But in general, what is it originally, an analog computer? Take a glass that is half full. (And half empty)) We poured 100 ml of water there. Task: find out if we tilted this glass at some angle, what will be the maximum depth?
And now take any programmer you know and ask him to calculate it on a computer. I guarantee that he will refuse: such a sea of calculations must be done and such a number of lines of code must be calculated.
But as soon as we tilt this glass ourselves, we IMMEDIATELY see how the depth of the water in it changes. This is an analog computer.
You find it funny? But in vain. For example, the pressure on the bottom of the glass, which it must withstand, depends on the depth of the water column. And if you find it funny with glasses, then once you find yourself on a submarine or some Titanic that slowly falls on its side, believe me, you will be VERY interested in whether the sides will withstand the water pressure. Or they won't.
A glass of water is generally a typical computer, only its algorithm cannot change. He only measures the height of the water for something in the shape of this glass. But we can give it input data: different amounts of water, different tilt angles. And he will, according to his algorithm, calculate what the height of the water column is with these data. And the shape of this glass can be as complex as you like, you don't need to enter every millimeter of it into a digital computer.

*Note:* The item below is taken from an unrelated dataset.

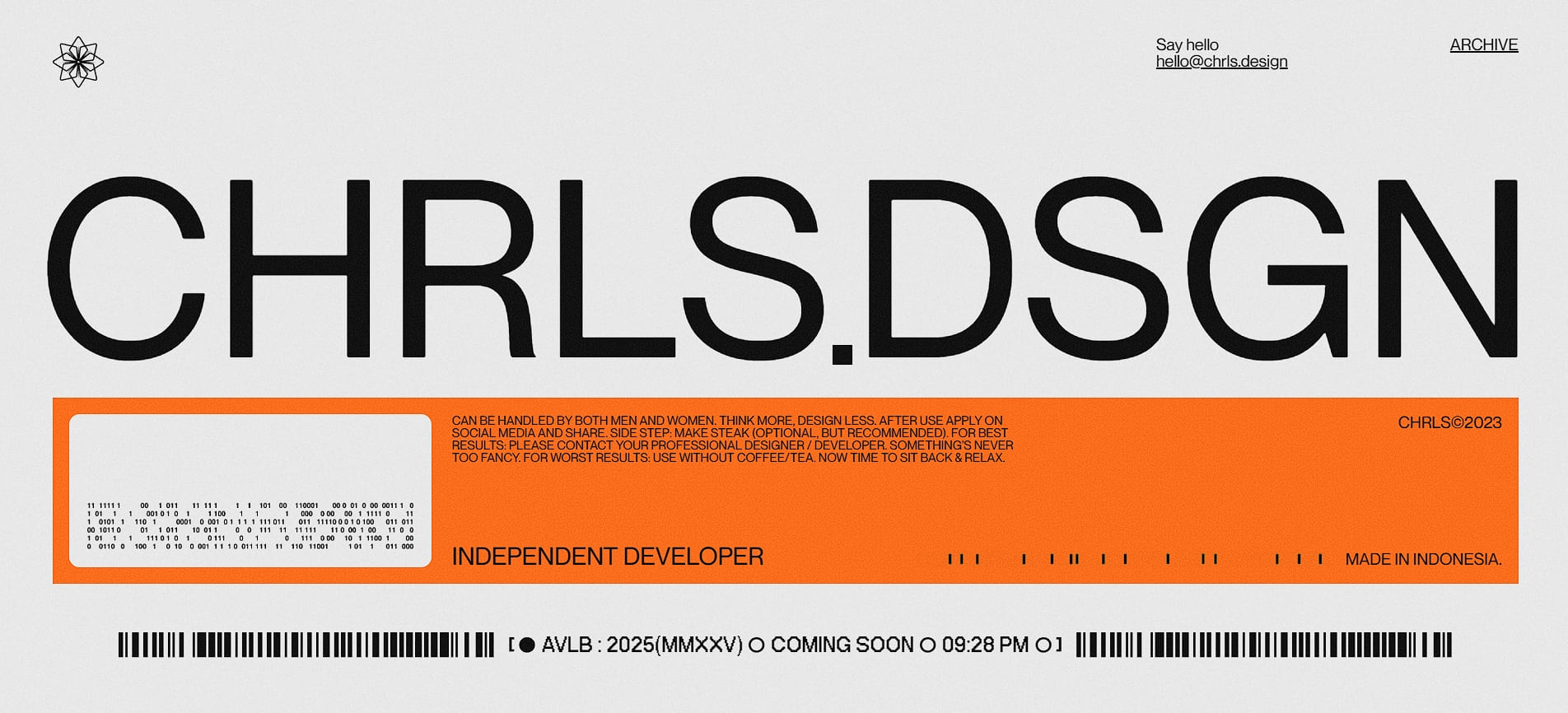 CHRLS.DSGN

And he will calculate - instantly. The answer exists immediately, you just need to tilt the glass and bring the ruler to it.
Expanding the capabilities of this computer is easy. It can be made of a material that varies greatly with temperature: we will connect another block of input data. It can be of any complex shape. True, the answer will not be entirely accurate, approximate. But do we always need the useless precision of digital computers? When you salt the soup, you take a "pinch", and do not count the number of salt crystals and do not weigh them on a jewelry scale.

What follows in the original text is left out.